The student newspaper of Clark University

The Scarlet

The student newspaper of Clark University

The Scarlet

The student newspaper of Clark University

The Scarlet

Student Council Will Join Divestment Campaign

Proposal for campus-wide divestment referendum in development
Leo Kerz
CUSC representatives unanimously approve a measure to join the SJP’s divestment campaign on Instagram.

Clark’s Undergraduate Student Council (CUSC) voiced its support for an ongoing campus divestment campaign at a meeting last Thursday night. 

CUSC voted unanimously to draft an Instagram post officially endorsing the call for divestment that over 40 clubs have already joined through posts on the platform. 

The movement, initiated by a March 10 Instagram post, is organized by a new student organization called Clark Students for Justice in Palestine (CSJP). The group, which the University recently recognized as a club, is demanding that Clark divest its endowment fund from any investments in corporations associated with the “ongoing genocide of Palestinians” by Israeli forces.

The Student Council meeting, which lasted over two hours, was well-attended by concerned students seeking to make their voices heard on the issue of divestment. 

The social media campaign for divestment was launched by CSJP in reaction to a meeting in early February between student activists and University leaders, including President David Fithian and Dean of Students Kamala Kiem. According to CSJP’s March 10 Instagram post, the administrators asked the students for more evidence of broader student support for divestment. 

Members of CUSC were similarly told by University leaders that evidence of consensus among the student body was necessary for any divestment proposal to move forward through them to the Board of Trustees, which controls Clark’s endowment fund. 

An ad-hoc committee of CUSC representatives began drafting a resolution calling for a campus-wide referendum on divestment before Thursday’s meeting. They expect to have draft legislation ready for proposal for Student Council’s next meeting on March 28. 

Students comment on divestment

Around 6:45 p.m., a crowd formed around the Alumni Board Room, where CUSC was already in executive session with Provost Sebastián Royo and Dean of Students Kamala Kiem. Executive sessions are not open to the public.

Doors opened to the Alumni Board Room shortly past 7:00 p.m. after the executive session adjourned. Provost Royo and Dean Kiem left before the CUSC general meeting began. Sammi Bosque ’24, President of CUSC, collected the names of students wishing to offer a public comment. 

Soon, all the chairs in the boardroom were filled, and students lined the walls. Many brought signs with messages like, “Challenge convention, divest.”

Over the next half-hour, most speakers offered their opinions on the divestment movement. Each speaker was given a maximum of two minutes on the floor.

Ethan Quinn ’25, President of Clark Hillel, one of the campus affinity organizations for Jewish students, said that the push for divestment from businesses with Israeli ties was worrying. 

Ethan Quinn speaking to Student Council. (Everett Beals)

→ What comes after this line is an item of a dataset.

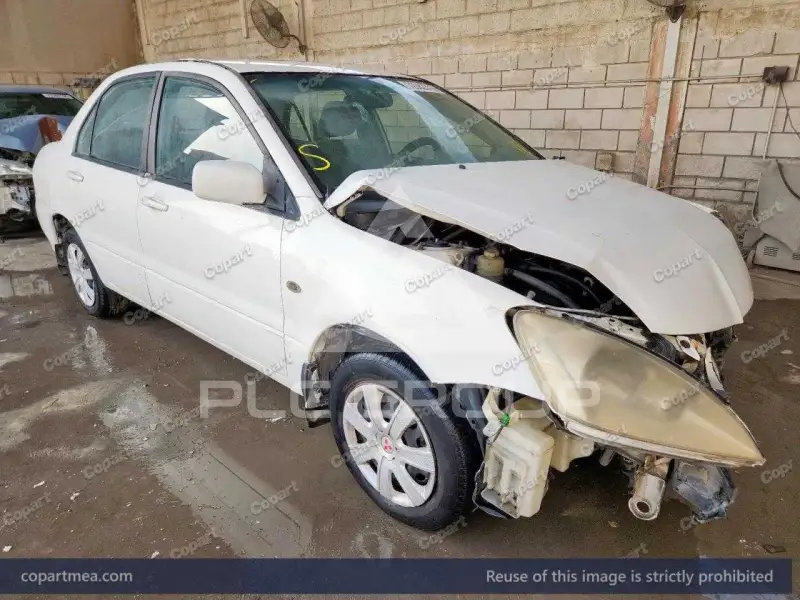 2005 Mitsubishi LANCER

“My community feels isolated, unsupported and scared,” said Quinn. “SJP has no authority to speak for the student body in any capacity,” he added, suggesting that the organization was unduly influenced by off-campus interests. 

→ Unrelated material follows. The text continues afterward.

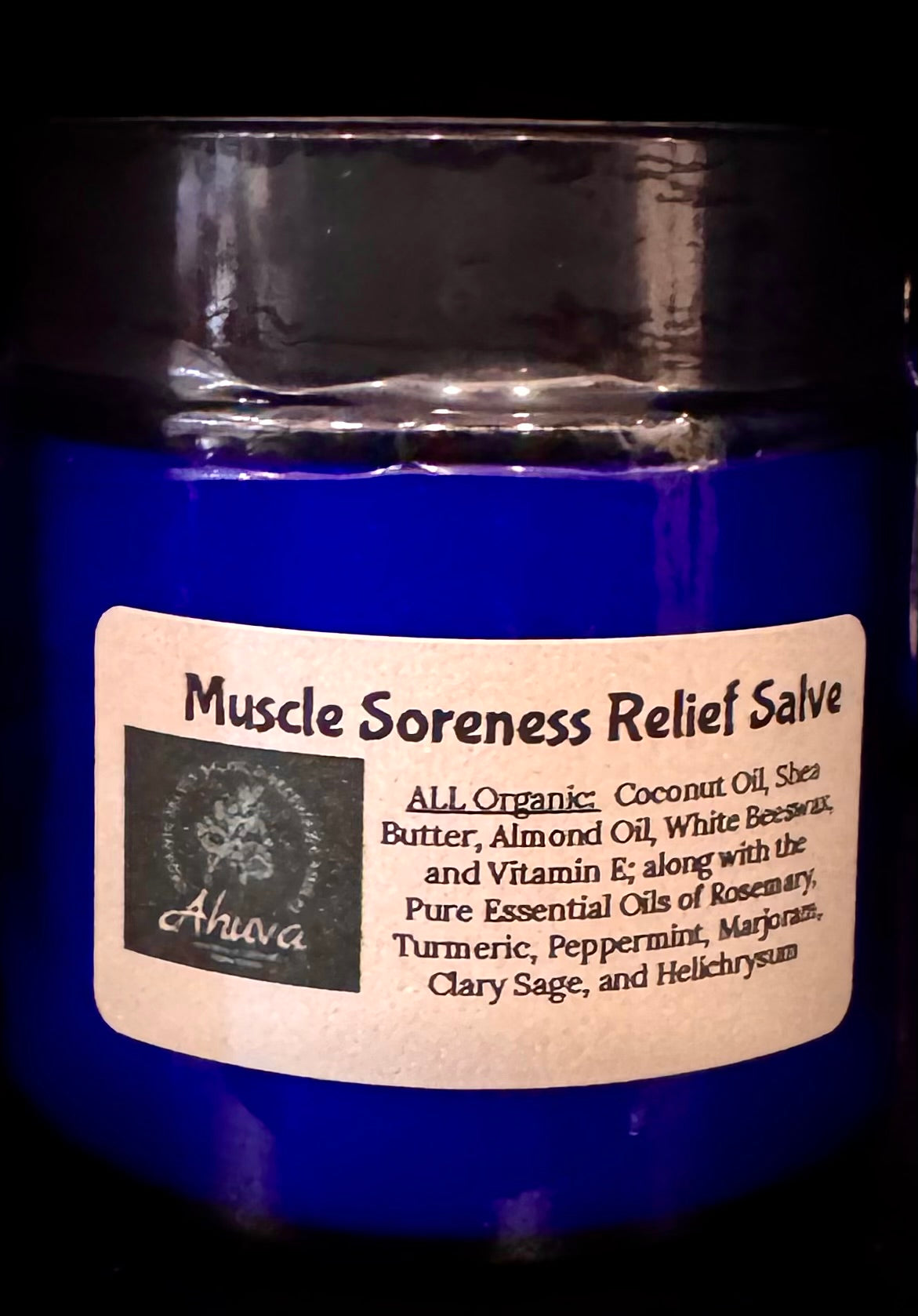Muscle Soreness Relief - 4oz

Aaron Kirshenbaum, a graduate student identifying himself as Jewish, spoke in favor of the divestment campaign. He argued that divestment is necessary to ensure “our collective safety,” on-campus and elsewhere. Kirshenbaum said that SJP – at the time, not a registered student organization – was composed of Clark students.

Aaron Kirshenbaum making his comment. (Everett Beals)

“Money and morals should go hand in hand,” said sophomore Marcus Palumbo, in support of divestment. He asserted that it was possible to consider divestment without losing sight of the importance of campus safety.

“I try to live by the values preached to us in the Torah,” said Brenner Yellis ’25, another Jewish student. “[The Israel-Hamas war] contrasts everything I’ve spent the last 21 years living,” he said. Yellis is in favor of divestment. “I don’t want my money to go to things that oppose my Jewish values,” he said.

More than a dozen online comments in support of divestment were later read to the group by CUSC’s Executive Board.

Council developing proposal for a campus referendum

The divestment conversation among representatives began at a February 29 Student Council meeting in which representatives from the Food Insecurity Resistance Movement (FIRM), a student-organized food pantry, presented their plan for a boycott and divestment campaign. 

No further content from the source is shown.